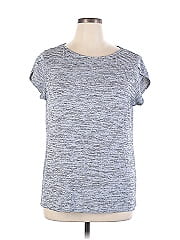 Market And Spruce Short Sleeve Top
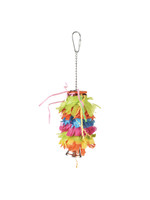 Hagen Hagen HARI SMART.PLAY Enrichment Parrot Toy - Piñata Garland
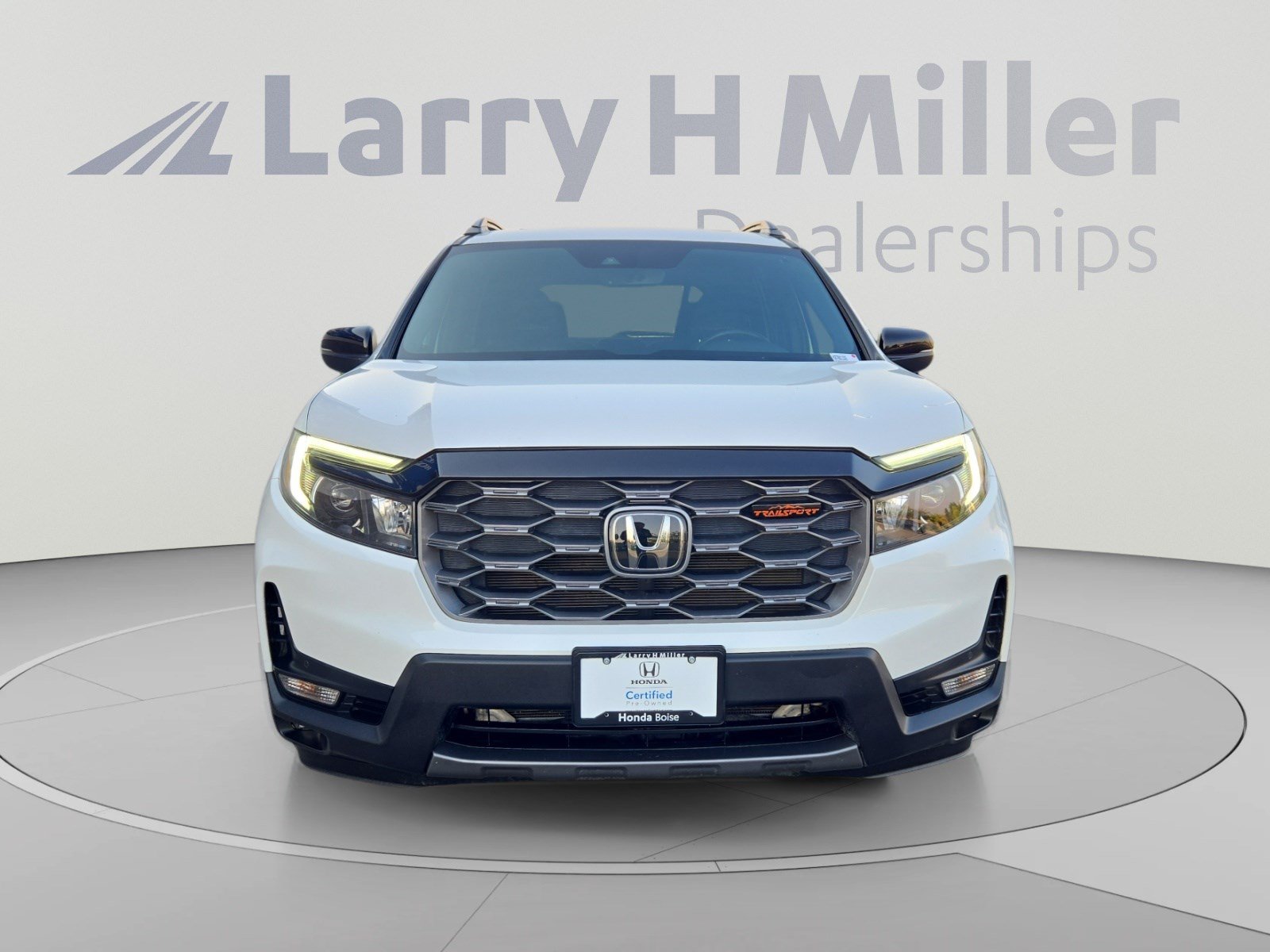 2024 Honda Passport TrailSport - Photo 9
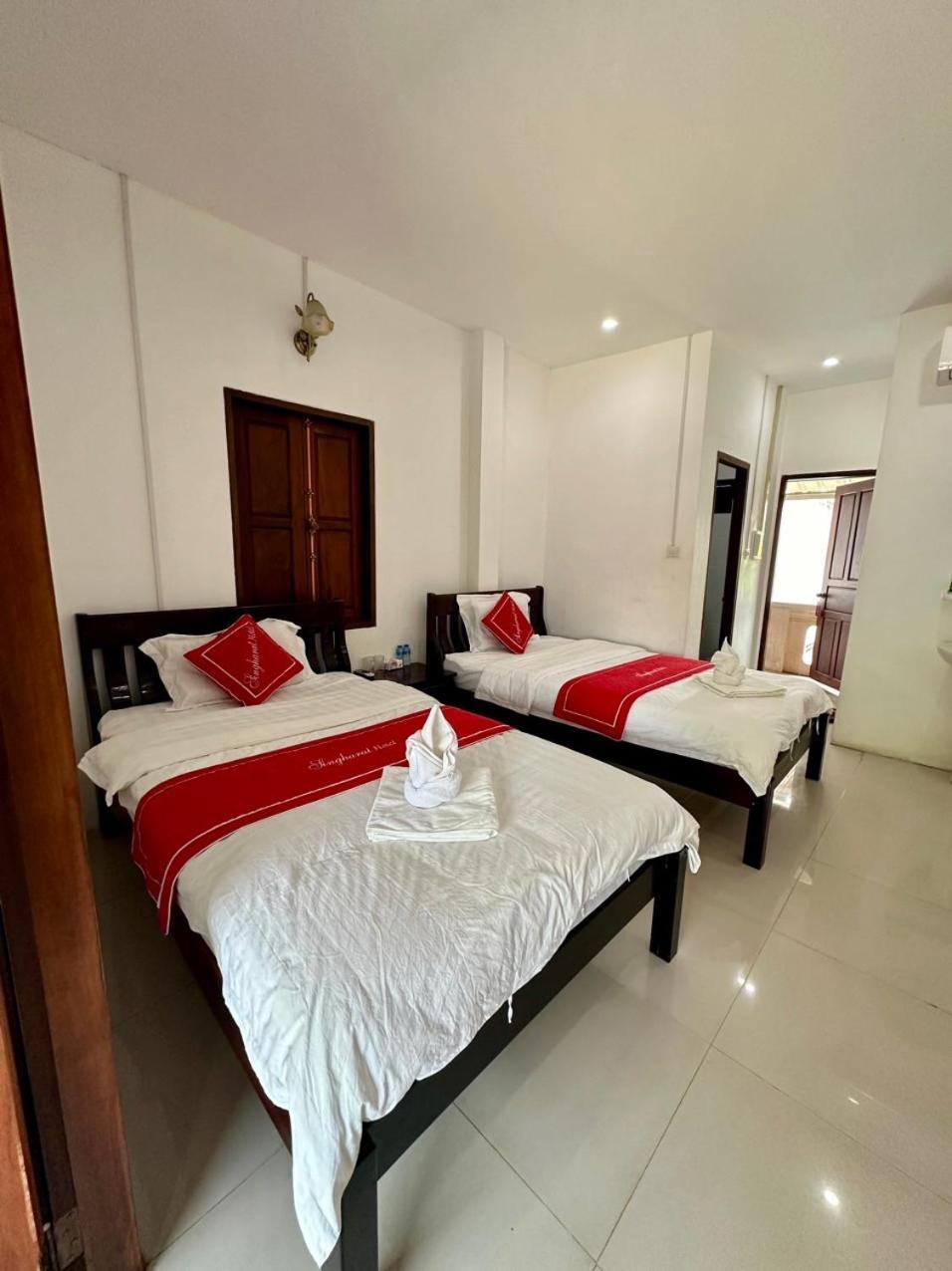 Residence Boutique Hotel Luang Prabang Exteriör bild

→ **Your objective**: Restate word for word the lines starting at the one that contains "Hagen Hagen HARI" and ending at the last line of the data. Skip every picture.

→ **Result of this exercise**:
 Hagen Hagen HARI SMART.PLAY Enrichment Parrot Toy - Piñata Garland
 2024 Honda Passport TrailSport - Photo 9
 Residence Boutique Hotel Luang Prabang Exteriör bild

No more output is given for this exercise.